# Do Canadians not like Americans?



## jebns (Jan 7, 2009)

We're looking at a Calgary relocation for April 2009 and I've been doing a ton of research and am getting a bit worried. My family is from Boston and we have 3 young children (oldest are twins in kindergarten). I found this article in the Washington Post , before you move to canada can we talk (site won't let me post the article)which, I know a few years old, but REALLY worried me about anti-American sentiment in Calgary. Is it true? I'm not sure I want to set myself up like that if so, and my kids for that matter. It seemed like Calgary is a bit international in nature so I didn't know if it really was like that, but the reference to the Canadian tv show about how stupid american are was frightening!
Love all thoughts! And, if Eamonn sees this, I was thinking about your town and would some info!!


----------



## brrttpaul (Jan 28, 2008)

jebns said:


> We're looking at a Calgary relocation for April 2009 and I've been doing a ton of research and am getting a bit worried.

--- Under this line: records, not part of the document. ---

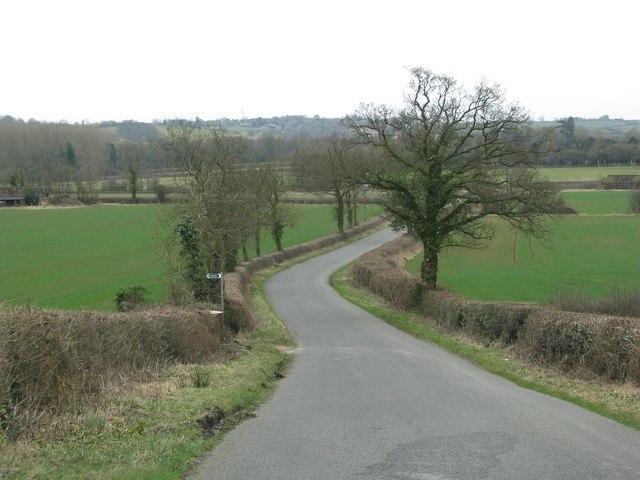 "Marston St. Lawrence"-foto av Sarah Charlesworth (CC BY-SA) / Urklipp från original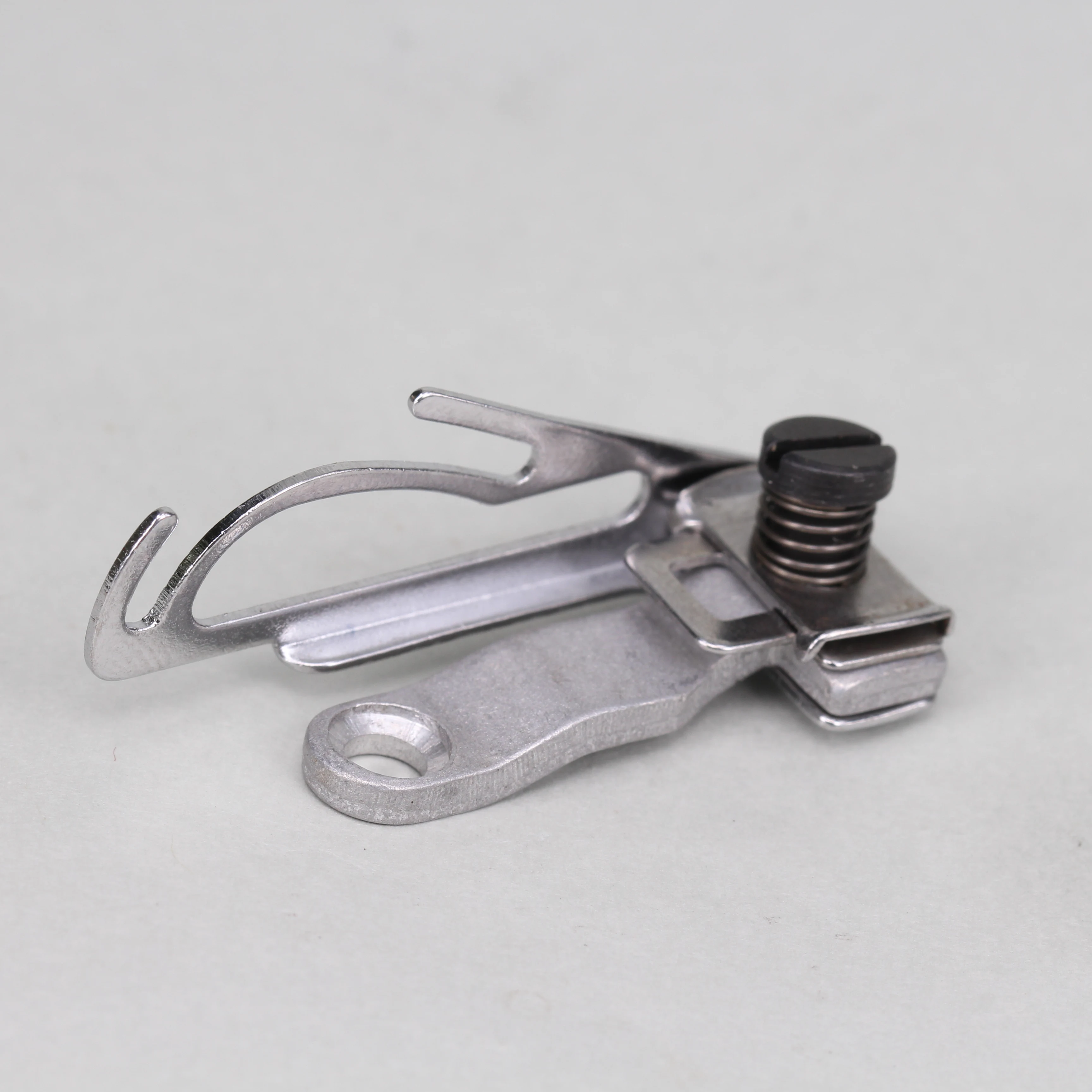 Industrial Sewing Machine Spare Parts Take Up Lever 2100071 For Yamato AZ6500 AZ8000 Needle Bar Thread Guide Set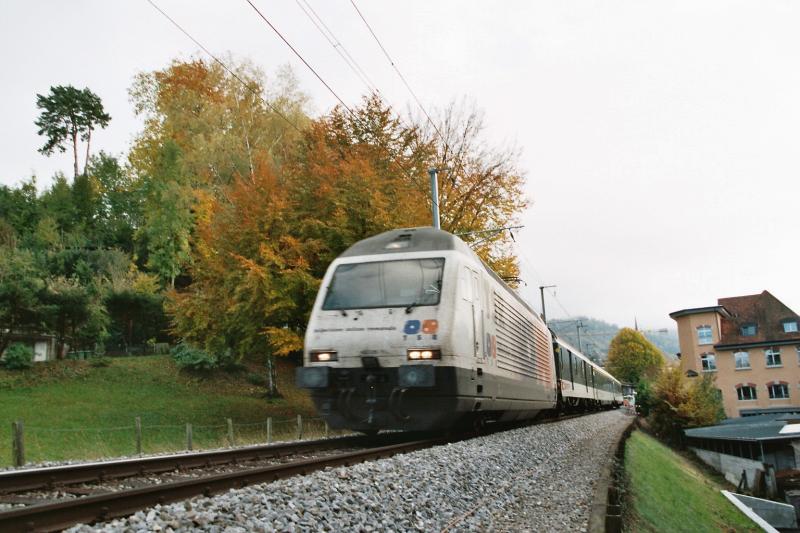 Die Re 460 mit der Werbeaufschrift, T S R, am 3.11.03 auf der Strecke Arth-Goldau - Zug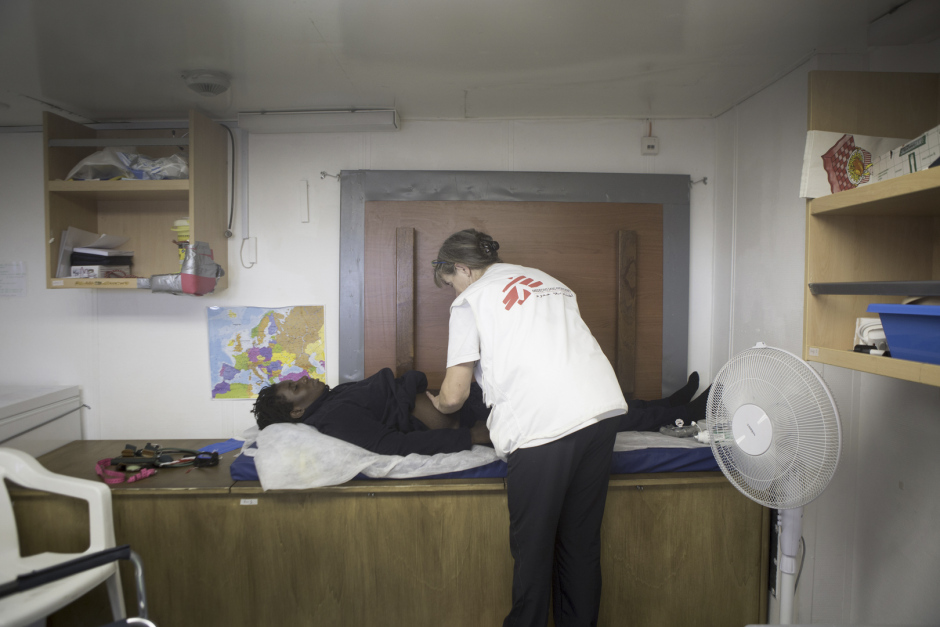 Save and Rescue (SAR) zone, 10 December 2017An MSF midwife is examining a pregnant young woman who has just arrived on board on the Aquarius after a rescue operation. Most of the women who arrive have been raped, and some of them got pregnant.Zone Save and Recue (SAR), 10 dÈcembre 2017La sage-femme de MSF consulte une jeune femme enceinte ‡ peine arrivÈe ‡ bord de l?Aquarius aprËs une opÈration de sauvetage. La plupart des femmes qui arrivent ont ÈtÈ victimes de viol, et certaines d?entre elles sont tombÈes enceintes.Martina Bacigalupo / Agence VU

My family is from Boston and we have 3 young children (oldest are twins in kindergarten). I found this article in the Washington Post , before you move to canada can we talk (site won't let me post the article)which, I know a few years old, but REALLY worried me about anti-American sentiment in Calgary. Is it true? I'm not sure I want to set myself up like that if so, and my kids for that matter. It seemed like Calgary is a bit international in nature so I didn't know if it really was like that, but the reference to the Canadian tv show about how stupid american are was frightening!
> Love all thoughts! And, if Eamonn sees this, I was thinking about your town and would some info!!

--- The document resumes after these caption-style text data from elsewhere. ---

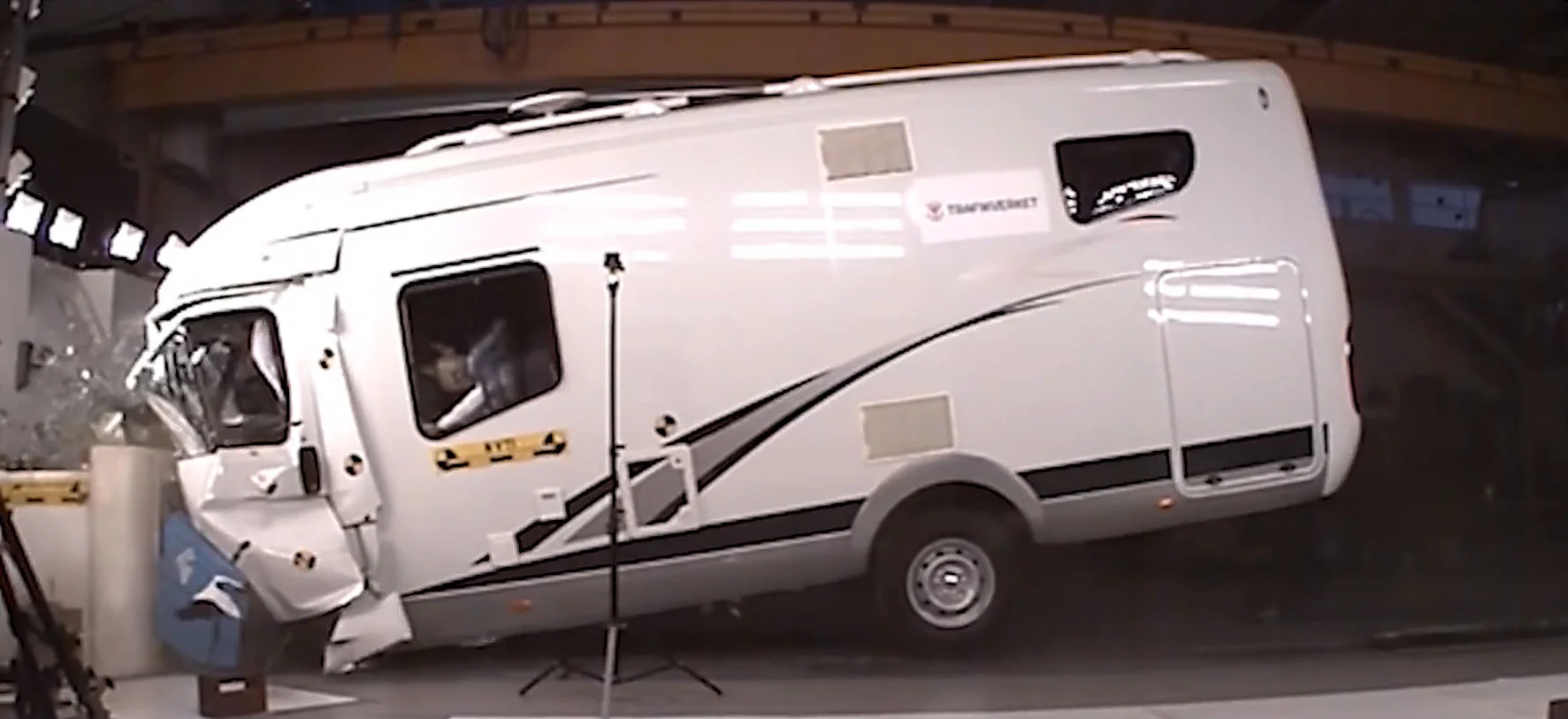 kamper test zderzeniowy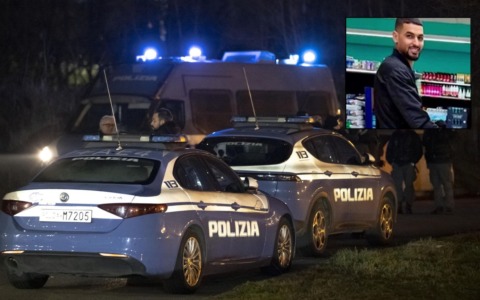 Sparatoria a Rogoredo, il poliziotto Carmelo Cinturrino è stato arrestato per omicidio volontario: l’uomo era disarmato quando è stato colpito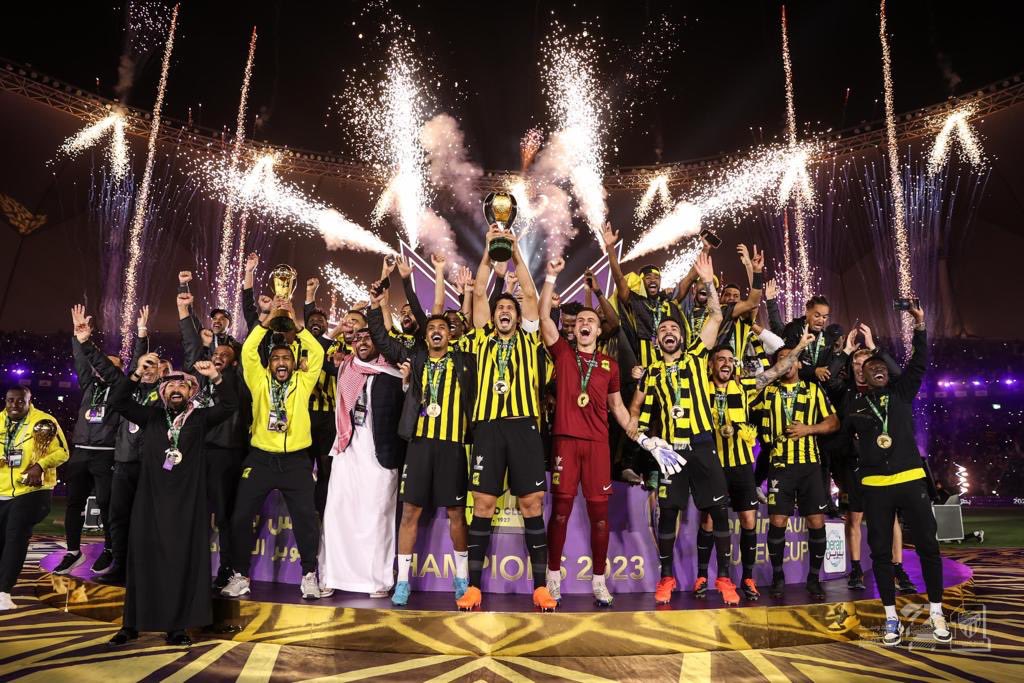 Hegazi's tweet image. زملائي اللاعبين عشنا اوقات صعبه و لكن دائماً كنا فريق و اخوه و عدنا بانتصارات و بطولات شكراً لكم علي كل شئ  و سعيد اني لعبت مع كل واحد فيكم و اتمني لكم جميعاً التوفيق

I think you will find its the same all over the world when you have neighbouring countries. Im Welsh and in Wales you are suppossed to hate the english. This of course never happens in reality (except when the rugbys on lol). I have many English friends and we do have quite a bit of banter but thats all it is banter. However I do suppose there are a few out there that take it to extremes, I would imagine its the same in Canada though im no expert. Theres only one way to find out really. But from what I have read especially about Calgarry then I think you will be fine just go for it.


----------



## Bevdeforges (Nov 16, 2007)

I've moved around a bit, and just coincidentally I happen to be from the Boston area, too. You hear lots of tales (especially it seems in the US media) about "anti-Americanism" in various countries. (Actually, Canada is a new one for me... I've always been well treated in Canada.)

Frankly I've never found any of it to be real - though it does help to have a sense of humor about the issue. Yes I've heard about that Canadian tv show about how stupid Americans can be and, well, it's true. Ever watch Jay-walking on the Tonight Show? There are some stupid Americans out there, and for those of us who live outside the US, those shows can be hysterically funny, if also pretty embarrassing.

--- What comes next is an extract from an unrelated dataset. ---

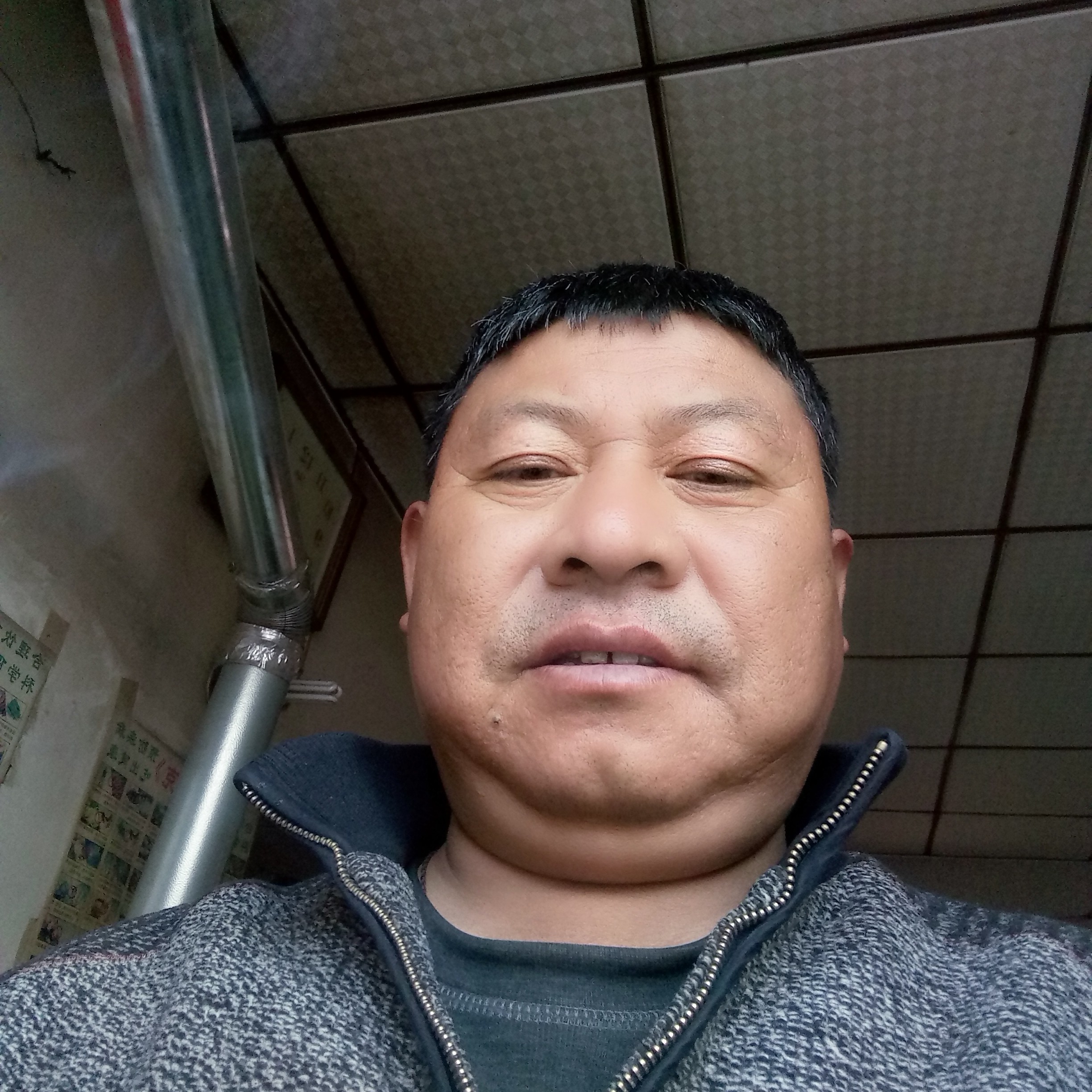 帅气小侠的照片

I live in France, where anti-Americanism is supposed to run rampant. You know what? I've never really run into it - or if I have, it has been with folks who assure me that they don't include me when they rant on about whatever it is that upsets them about America or American politics. It's actually interesting to hear them out because you do see a very different side of the US when you live outside it for a while.

What's that Robert Burns line about "to see ourselves as others see us?" Get ready for some real thought provoking times living in Canada. But criticism isn't necessarily "anti" anything. 
Cheers,
Bev


----------



## phat-dave (Nov 19, 2008)

I think its more tongue in cheek than anything else and as brrttpaul pointed out, more so for neighbouring countries 

I'm an Aussie and we apparently hate Kiwi's (New Zealander's) but realistically the population couldn't care less where you're from. In fact, here in Australia, we have on-going banter with our own states (Queensland vs New South Wales etc)

I'd take it with a grain of salt... it's not like the Iraqi vs US sentiment, which I'm sure is genuine lol


----------